Passing Milfin, passing Loxley. You say don’t you remember coming down here, two lanes and those azaleas, demented, big as houses, bringing down the gutters. Squinting for the memories, so dark on this stretch and nothing feels familiar. It was easy peasy "59," now with the grown-up name. "Parkway" makes it a parkway. Everybody knows that. I'm sorry...where are the parks, exactly? Hodgepodge of curious towns and silver king farm stands, moms and pops and T-shirt shacks. It’s 4 lanes now and complication.

You're up early and already down at the beach. Today feels like vacation. I sleep late, get up and gorge on citrus and ice cold melon. I lay by the pool and then walk out to the beach right as the storm rolls in. The clouds are impressive. I break my $5 sunglasses and somehow another pair appears. Back at the place, you and I start the risotto (yes, in a rented beach condo!). I stare at your gorgeous girls and their besties, all bronzed and luscious from a week in the sun, the same age as you and me when we were here last. All week long I’ve been watching them whisper and conspire. I wonder if their hearts are longing for a boy. Or if they’re anxious about the years ahead.
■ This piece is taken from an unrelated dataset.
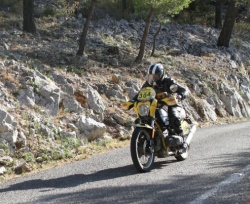 La catégorie classique présente au Dark Dog Moto Tour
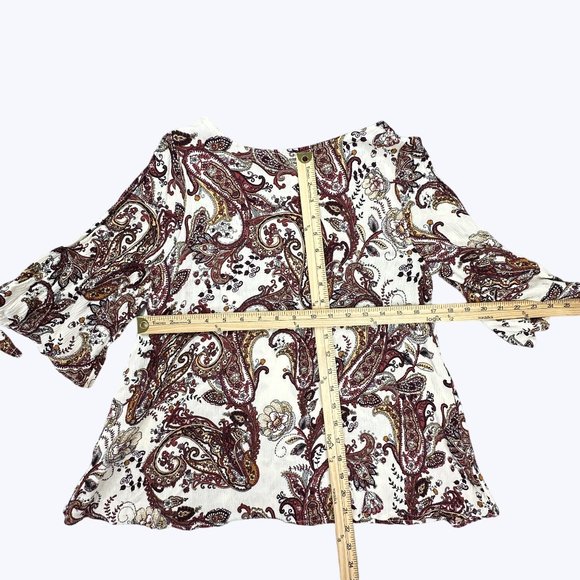 Red Lolly Blouse‎ Open Sleeve With Tie Detail Size Medium - Picture 8 of 8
You stir the risotto and then leave the kitchen, fussing with your hair. I holler after, "want me to braid it?" You let out a squeal.

I am 10 years old running these beaches with my dirt poor relations. It's only one case quarter to cross the bay, "Let me drop it in!" Kachink into the basket as the salt air hits my nose. Now we cross the long, long bridge, thump-thump-thump-thrump--so high it feels like fiction--and meander down to Santa Rosa Sound, calm and still, like some forgotten lake. This would be like if I had a nice book to read or for making dribble castles, maybe. But mostly, "ya'll I'm bored, lets cross on over!" We almost always choose the danger…summer cousins on the surf side now, descending the dunes like warriors. I plant my feet in the sand and stand where the waves break hard, trying to imagine what a rip tide looks like. Will it grab me from below and yank me under? Does it feel like swirling, some powerful underwater hurricane? Or will it swallow me slow-like, hypnotic hugging me into its depths until I'm limp and drunk and willing...

You say, just listen to that. Passing Daphne, passing Summerdale, windows down, the air is thick. You say it sounds like summertime in south Alabama. Cicadas, tree frogs, dry flies and crickets. Cowhides hung for sale…like laundry on the line. Deer packing plants, pecan orchards, statuary stores with life-size roosters, pine needle mulch, and one dead armadillo.

I am 8 years old up the road on meemaw’s porch, Cervantes Street and freshly washed hair. She brushes my senile platinum mane, "Surrender All," rocking on that swing in her moo moo and slippers, "creeeek, creeek." Talking, "What's for supper" or what we’ll wear to church. “Y’all cut up some hydrangea for the altar.”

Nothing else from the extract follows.